That joke reflects the sort of negative attitude that existed in Moscow. Another example is the play that was put on in 1982. It was called "Tak Pobedim" ("Thus Shall We Win") and centers on Lenin’s last days. Originally it was thought to be a good play for the Twenty-sixth Party Congress. The playwright, Mikhail Shatrov, thought it would be fascinating to write because Lenin’s last days reflected a man who was losing his power - a similarity to Leonid Brezhnev. Lenin clearly saw, by the way, that Stalin was an evil influence on the Communist Party of the Soviet Union. He had been rude to Lenin’s wife, Krupskaya, and Lenin had written, in what has been known as his testament, words to the effect that after my death, Stalin should not be allowed to become the general secretary. He is too rude, he doesn’t know how to handle the comrades properly; he doesn’t take account of all the different points of view.

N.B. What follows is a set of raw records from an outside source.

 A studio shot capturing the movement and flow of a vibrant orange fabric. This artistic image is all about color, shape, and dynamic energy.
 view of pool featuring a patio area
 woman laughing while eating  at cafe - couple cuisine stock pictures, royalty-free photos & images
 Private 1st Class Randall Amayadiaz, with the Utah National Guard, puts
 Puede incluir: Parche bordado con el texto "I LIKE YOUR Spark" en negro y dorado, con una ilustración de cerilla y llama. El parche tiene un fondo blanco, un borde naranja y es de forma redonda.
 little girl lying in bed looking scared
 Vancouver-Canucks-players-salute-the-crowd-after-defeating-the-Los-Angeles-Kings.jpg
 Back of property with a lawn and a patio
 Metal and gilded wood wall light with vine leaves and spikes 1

It was very difficult to get this play on the stage. Plays, as well as books, go through a type of censorship before they are shown to the public. In this particular case, a report on the play was sent to the Marxism-Leninism Institute, and the report came back that this play should not be shown under any circumstances. The objections were that Lenin was shown as a dying man, mortal, and about to disappear - all negative aspects. In the play, Lenin says of one of his colleagues, "And Martov is also dying." Behind the scenes there was great objection to this phrase, because it emphasized Lenin’s mortality.

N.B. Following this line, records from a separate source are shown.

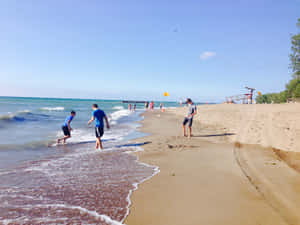 孩子們在陽光明媚的海灘上，在救生員塔旁的海浪中玩耍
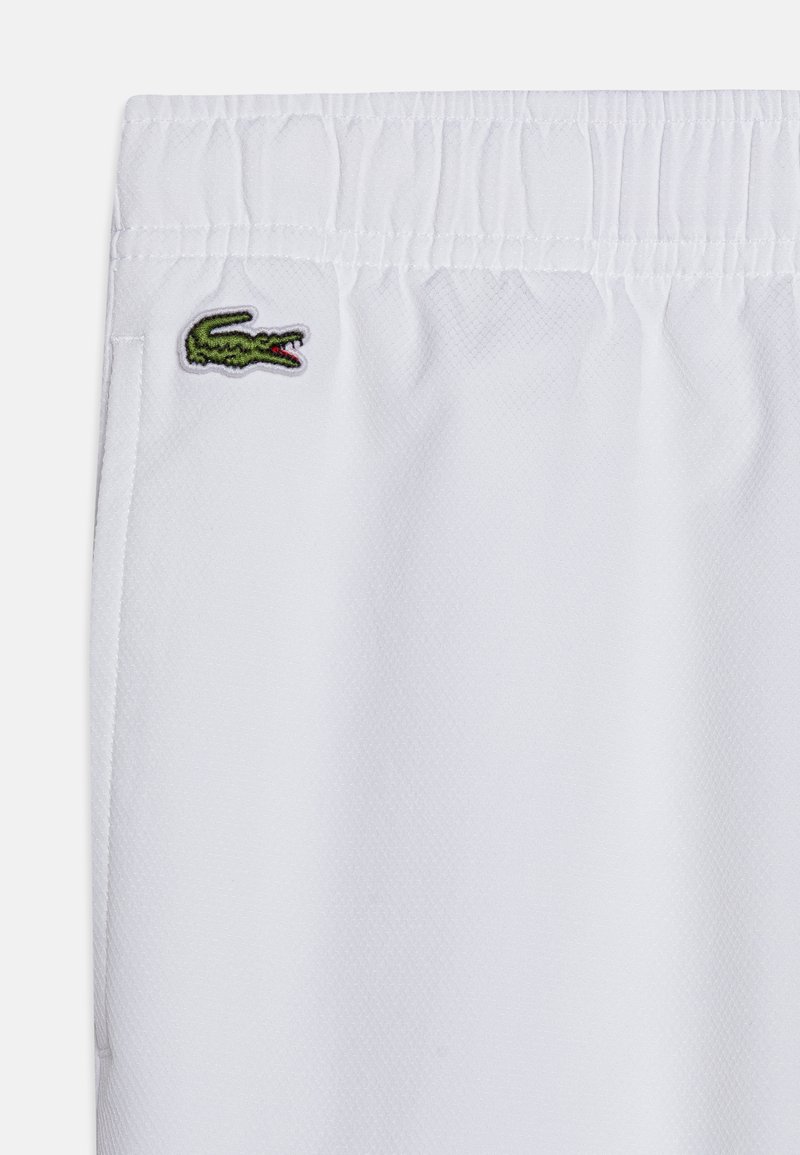 White lacoste trousers Clearance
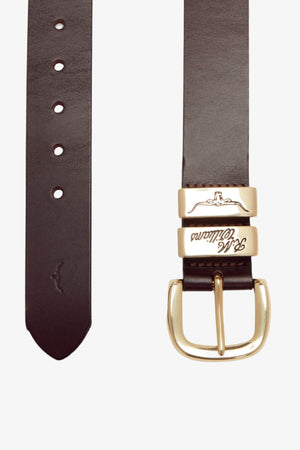 The RM Williams 1 1/2 3 Piece Solid Hide Belt in dark brown leather features a brass buckle, two gold keepers with elegant engraved text, and multiple adjustment holes. Made in Australia, this belt is adorned with an embossed kangaroo logo near the end. The image provides both front and back views of the belt.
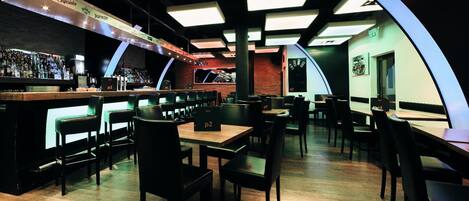 A modern bar area with a long counter, multiple seating options, and a unique ceiling design.
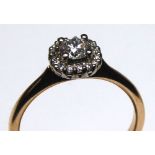 AN 18CT ROSE GOLD AND ROUND BRILLIANT CUT DIAMOND HALO RING Complete with IGI certificate. (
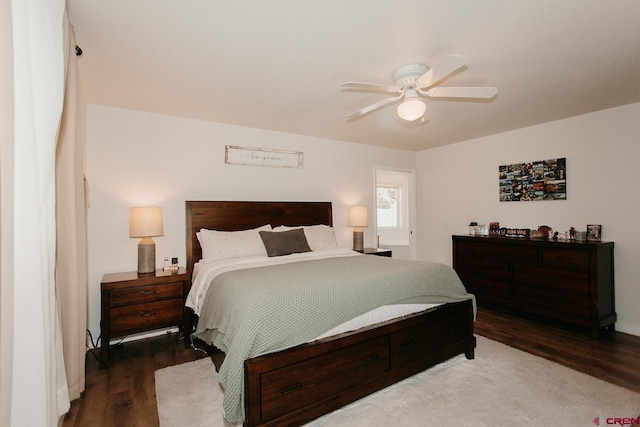 bedroom featuring ceiling fan and dark hardwood / wood-style flooring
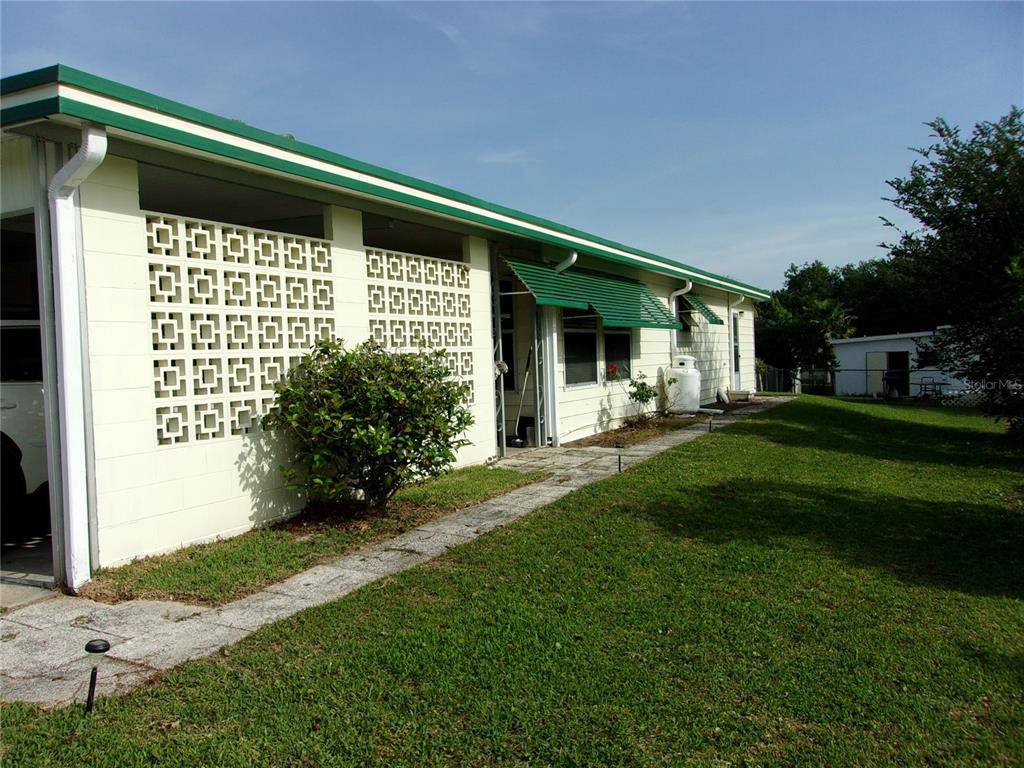 6485 Northeast 2nd Street Ocala, FL 34470 - Photo 4 of 55 a front view of a house with a yard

Finally, Mikhail Suslov, then the number-two man in the Politburo and the ideological czar, got wind of the play and canceled it. Only after Suslov’s death did a movement arise to get the play back on stage. And, here again, a new struggle began. Could you put on this play at a time when a leader like Leonid Brezhnev was actually dying? Brezhnev’s aides came to see the play, then other important party figures saw it, and finally they agreed that the play could go on. Apparently the play was permitted for two reasons: First, it showed Lenin as a more human person, as a real individual, not as God - as he is often looked upon in ordinary Soviet propaganda. Lenin was presented as an individual who had to face different points of view from his colleagues and who had to make decisions by persuading. Second, like Brezhnev, Lenin was leaving the political scene. In those days of 1982, many rumors were circulating that Brezhnev could not really govern anymore. So for the whole Politburo to show up at the play, along with Brezhnev, was a provocative, oblique way of telling the world that Brezhnev had not left the political scene, that he was there and governing.

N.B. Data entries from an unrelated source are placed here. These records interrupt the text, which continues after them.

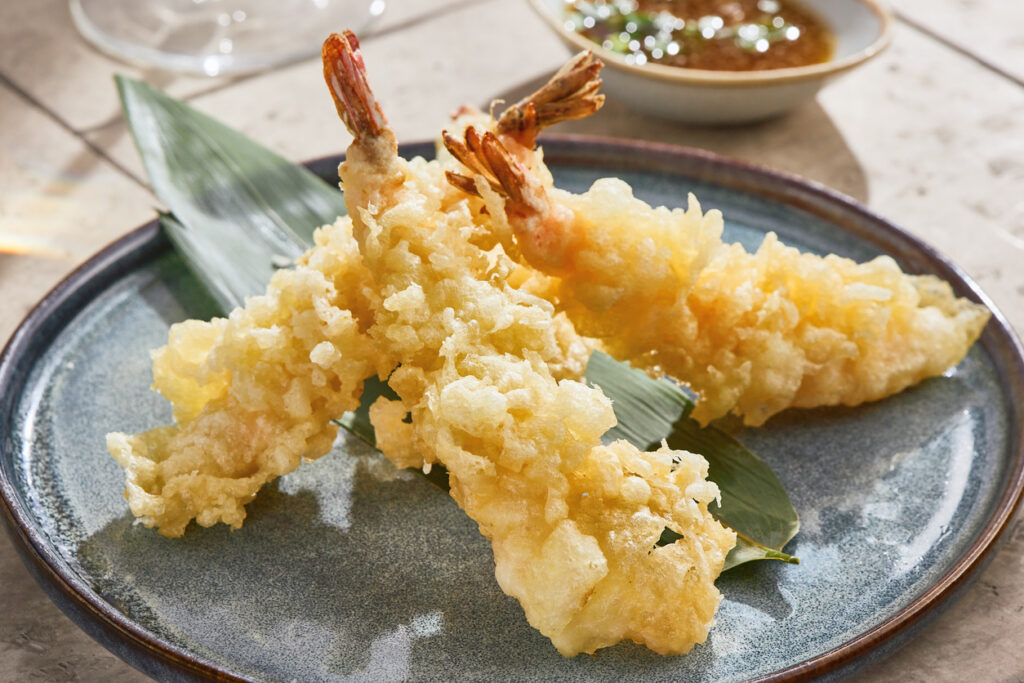 Drei goldbraune Tempura-Garnelen liegen auf einem Teller mit Dip in einem Restaurant in Tokio.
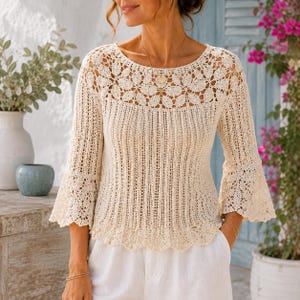 May include: A cream-colored crochet top featuring a round neckline with an intricate floral pattern, long bell sleeves, and a vertical ribbed knit texture throughout the bodice. The garment has a scalloped hemline and is crafted from lightweight yarn.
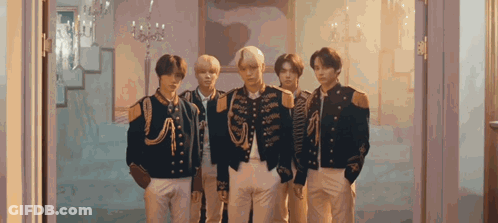 Young Men In Military Uniforms Standing Together GIF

This story gives you a sense of some of the intellectual ferment going on below the surface. The intellectuals wanted to put on something about Lenin more truthful than had been permitted in the past, and they had to struggle very hard to accomplish it.

Shifting from that particular example of ferment to several years later, I had an interview with Roy Medvedev, a very interesting and unusual Soviet historian, who styles himself as a dissident Marxist historian. He is somebody who has not wanted to leave the Soviet Union; he feels rooted there. (His twin brother, incidentally, did leave and lives in England today.) In the interview, Medvedev told me something very interesting and very applicable to the situation Gorbachev faces today. Medvedev said, "The Communist Party does not have to share power, but it must allow an opposition. It could be an opposition within the party, or there could be opposing factions. There should be an open, political debate." He went on to say, "In almost 70 years, we have not developed personnel capable of working in such an environment - neither at the highest political levels nor at the lowest. The party has turned into a bureaucratic organism. It cannot and does not want to live in an environment of free speech and democracy."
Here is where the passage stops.